Parting Jill with Money, and Other Miracles

fresh_bread_loavesAnyone who knows me well knows that the only things I willingly spend money on are secondhand books and delicious, delicious foodstuffs. I am more or less the absolute tightest of tightwads in Fairbanks, if not the whole of the Northern Hemisphere.

In January, I was floundering in the depths of writing depression and wanting to throw in the towel, and wanting to cling to the towel forever, and wanting to at least maybe put the towel in a closet somewhere for a few months, and being generally indecisive and pathetic. I was drowning. I wasn’t making any writing headway and I felt like the only way to make that stop was to just sink and be done with it all.

Amongst the zillions of newsletters, blog posts, and announcements clogging up my inbox (it seems I check my emails less when I’m depressed too) was a notice from the Society for Children’s Book Writers and Illustrators that they were doing a ten page manuscript critique with various literary agents and the deadline was coming up soon. I get notices for these things all the time, but always ignore them. But I figured there wasn’t any harm in just checking how much it cost, right? Maybe this was the lifeline I had been hoping for.

Fifty whole dollars. If this says anything about my brain, I think of dollars in terms of the food they can buy me. (Not even kidding. This is absolutely true.) Fifty dollars can get me nine and a half gallons of almondmilk. Fifty dollars is twenty-eight heads of romaine lettuce or, if I’m feeling really fancy, fourteen pounds of arugula. Fifty dollars is fifty-eight pounds of whole wheat flour, which is enough for seventy-six loaves of fresh, hot bread odiferizing my house. Fifty is a lot of dollars.

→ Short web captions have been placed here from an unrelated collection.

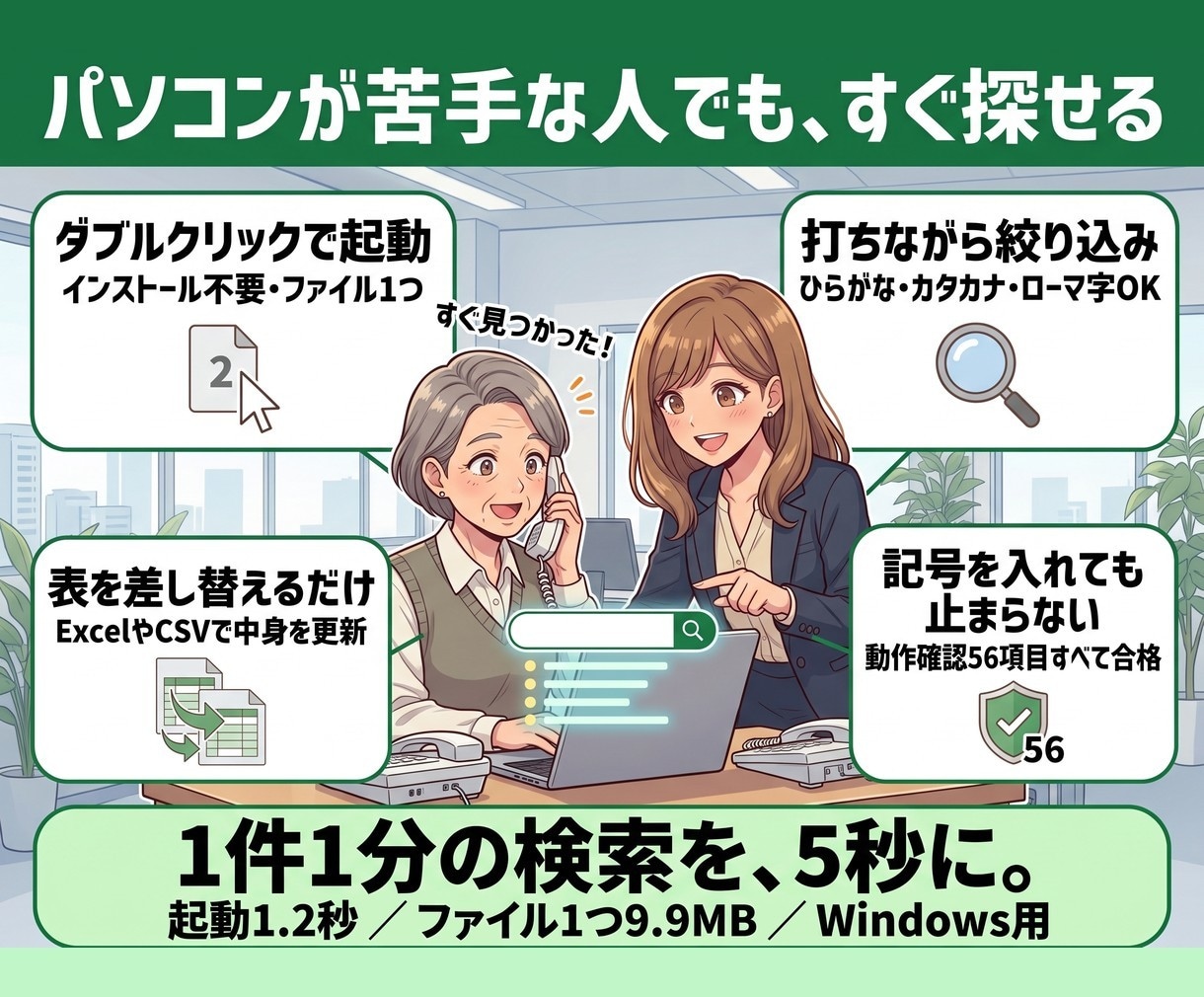 パソコンが苦手な方に渡せる検索ツールを作ります インストール不要。ファイル1つ、起動1.2秒で探せます イメージ1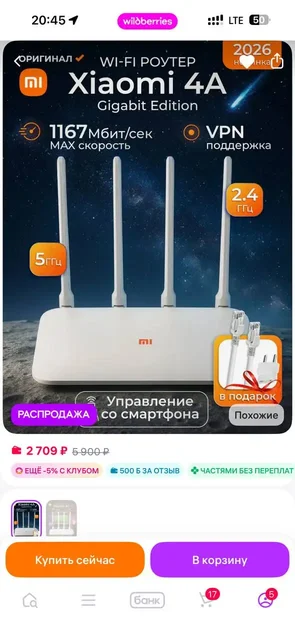 Продам новый роутер Xiaomi Mi Router 4A Gigabit Edition - Планшеты в Краснодар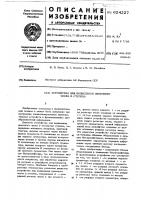 Устройство для возведения двоичного числа в степень Устройство для возведения двоичного числа в степень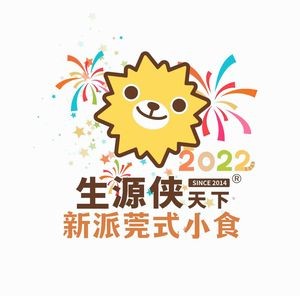 Shengyuan Xia Tianxia (Hengli Branch)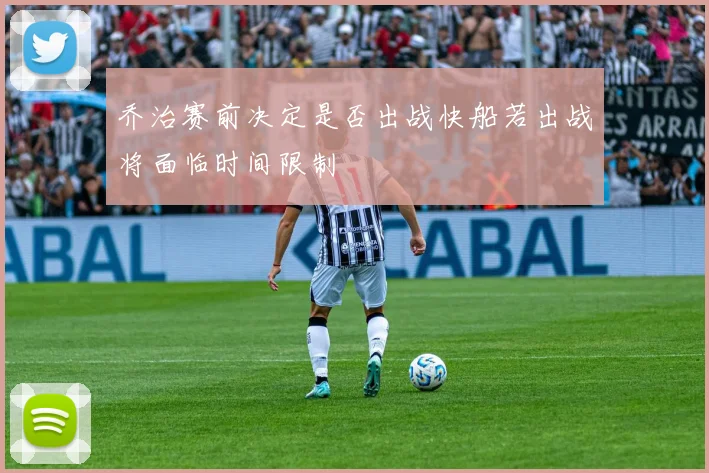 乔治赛前决定是否出战快船若出战将面临时间限制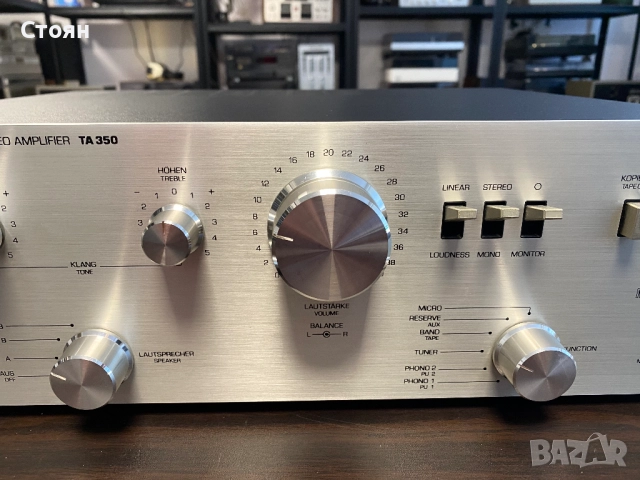 Усилвател в колекционерско състояние Telefunken, снимка 3 - Ресийвъри, усилватели, смесителни пултове - 52213604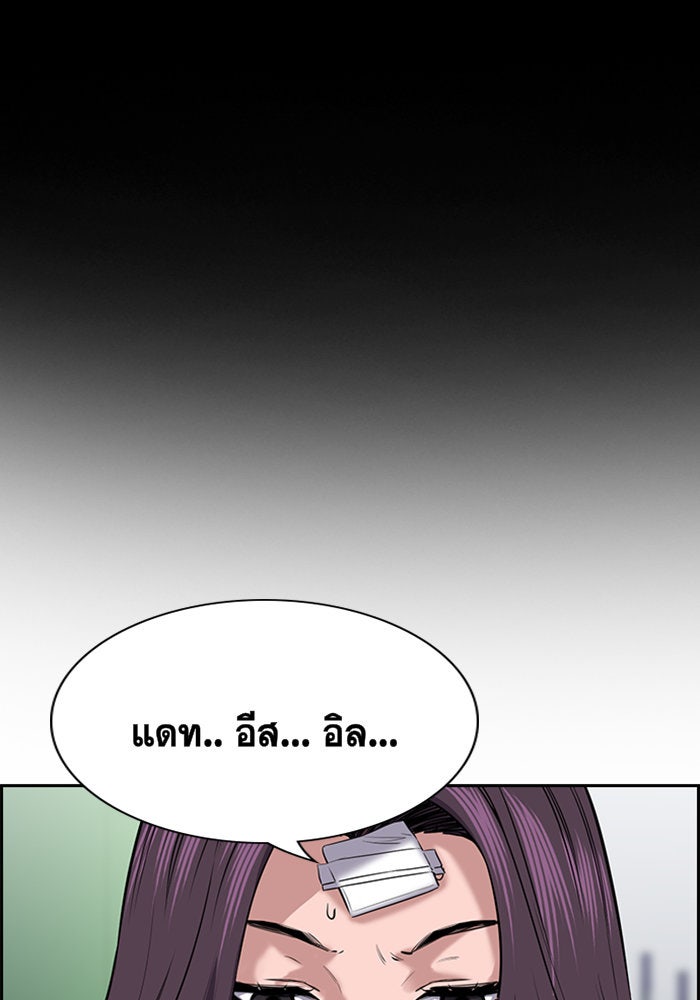 การศึกษาที่แท้จริง - หน้า 41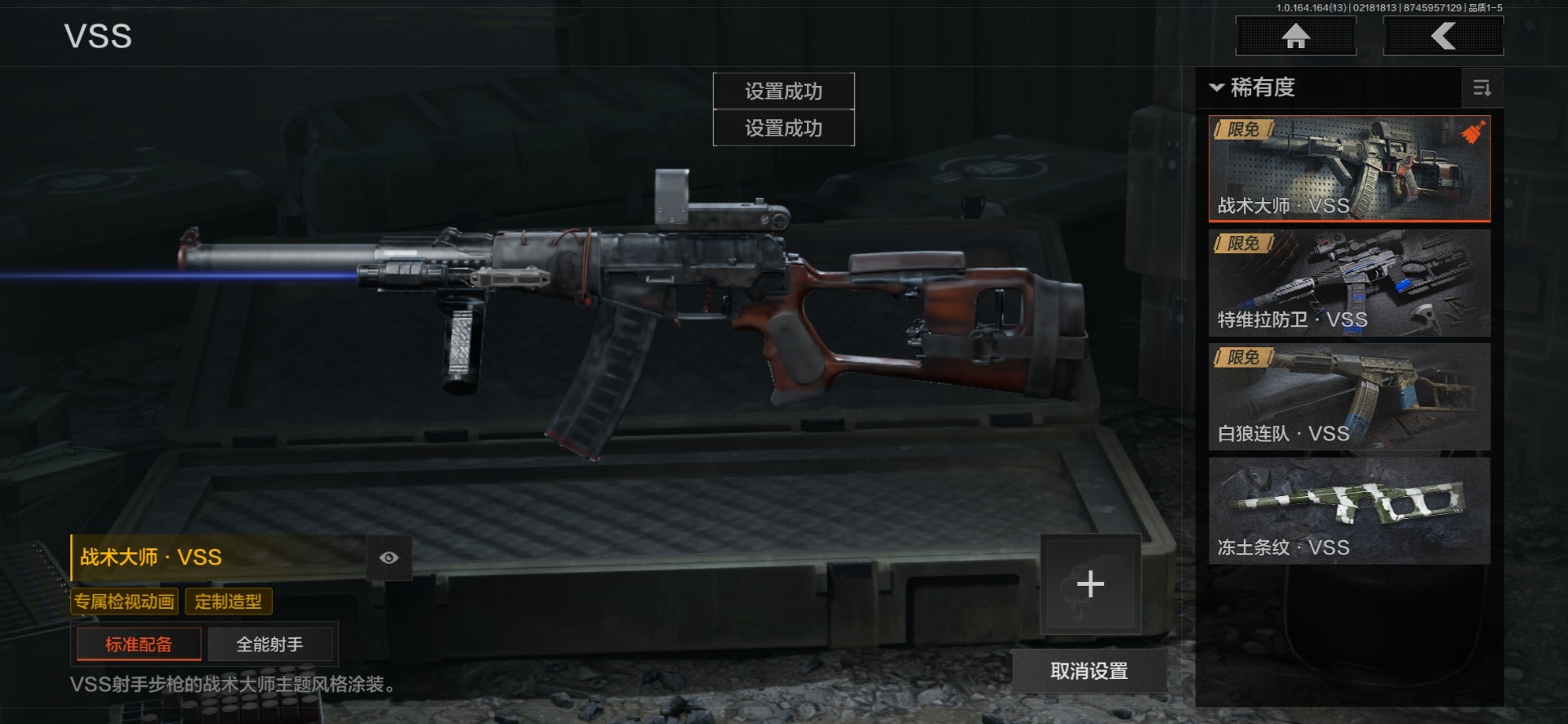 AQQM411828暗区突围账号详情图13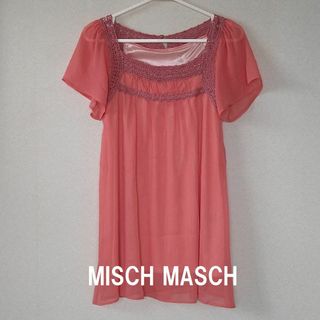 MISCH MASCH - ★MISCH MASCH(ミッシュマッシュ)カットソー ピンク★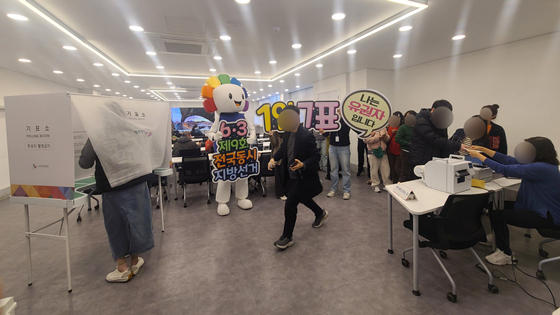 한국장애인개발원 대전광역시장애아동·발달장애인지원센터는 23일 커먼즈필드 대전에서 성인 발달장애인을 대상으로 ‘찾아가는 선거 교육’을 실시했다. ©한국장애인개발원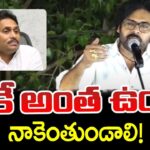 Pawan Kalyan satirical Comments on YS Jagan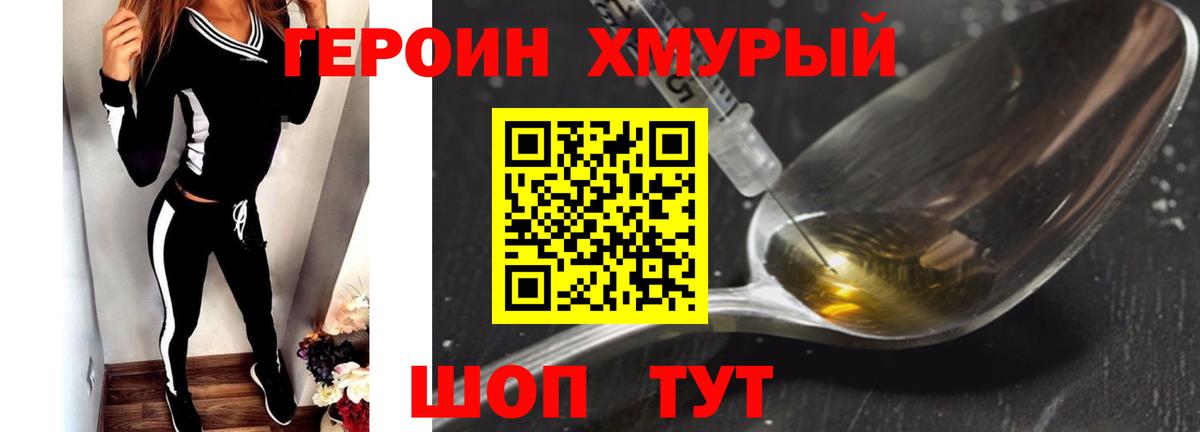 Героин афганец Среднеуральск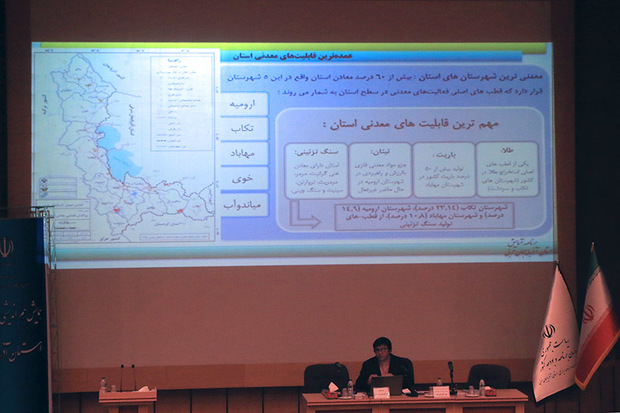 معدن ظرفیتی کم نظیر برای توسعه اقتصادی آذربایجان غربی است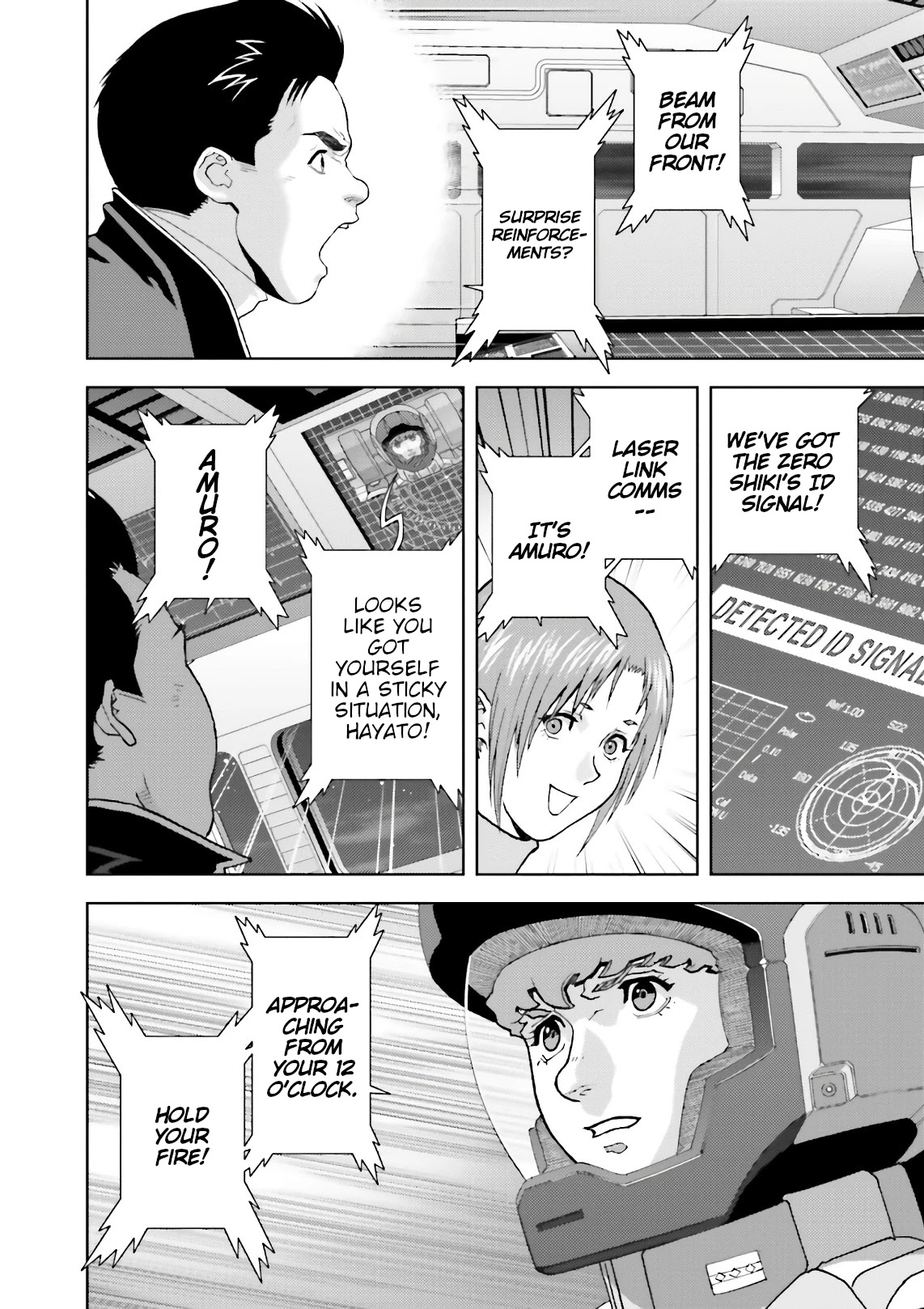 Kidou Senshi Z Gundam Define Chapter 54 page 15 - Chapter 54: Process 5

After the smelling salts burned awareness back into my nostrils, I came to and swore it off. No. No way. Fifty bucks? Think of the groceries! But my husband was a little tired of the nightly tirade about my worthlessness and stupidity and general suckage, and gently encouraged me to just try it. So I figured, ‘Okay. I’ll call it a birthday gift. Maybe I do need this.’ I flung my credit card at SCBWI and ran away sobbing.

A few days later, I chose my critiquer, signed up for the casual group critique as well, sent in my packet, and then did my best not to think about it for the next few weeks. I was so successful at this endeavor that a fresh email from SCBWI caught me by surprise (a mere two days after the pep rally with Paul Greci and the AWG). Cringing, I opened the email to see what my seventy-six-loaves-of-bread dollars had gotten me.

It wasn’t glowing- she didn’t rave about it and beg me to sign with her on the spot. But it wasn’t a let-down either- which is really saying something because when I get in the dumps, I’m hunting for let-downs. My critiquer kindly balanced what was good (and there was more than I was expecting) with what was bad (and there was actually less than I was expecting). She gave me gobs of inline edits, and even more in general thoughts, hopes, problems, and what she loved and wanted more of.gollum27

Like I’d guzzled too much soda, a little bubble of hope welled up in my belly. Maybe the story wasn’t garbage. Maybe I wasn’t garbage. Grumps the Goblin (the voice in the back of my head- he looks like Gollum but with more and pointier teeth) assured me this couldn’t possibly be true, but there was one more chance to test it out. The group critique.

Since a mere handful of us live in the scattered wilds of Not-Anchorage, Alaska, we gathered in a Skype meeting to pick at each other’s scabs. But I didn’t find myself bleeding. Once again, I received generally positive reviews with only a few problems that I already knew about. Even the gal who didn’t like fantasy had good things to say about it. (Take that, Grumps!) Upon request, I shared the critiquer’s review and got another round of feedback, and came out of the whole ordeal feeling shockingly happy.

The icing on the cake? One of the ladies in the critique group- the one who doesn’t like fantasy- emailed me later and told me, “You know, that last line in your critique sounded an awful lot like an invitation to query.” I had thought so too at first, until Grumps had convinced me otherwise. But hearing it from another person opened up the possibility again. Maybe it was. Maybe I should try regardless.

I’m not saying you should all rush out and throw dollars at the first Writer’s Digest class you can find. Flinging money at problems isn’t always the best solution. But in this instance, paying an agent to look at my stuff and tell me it wasn’t trash was helpful. Between this and Paul Greci’s presentation just a few days before, I finally felt ready to start working on publication again. And that extra bit of confidence and encouragement was definitely worth fifty bucks.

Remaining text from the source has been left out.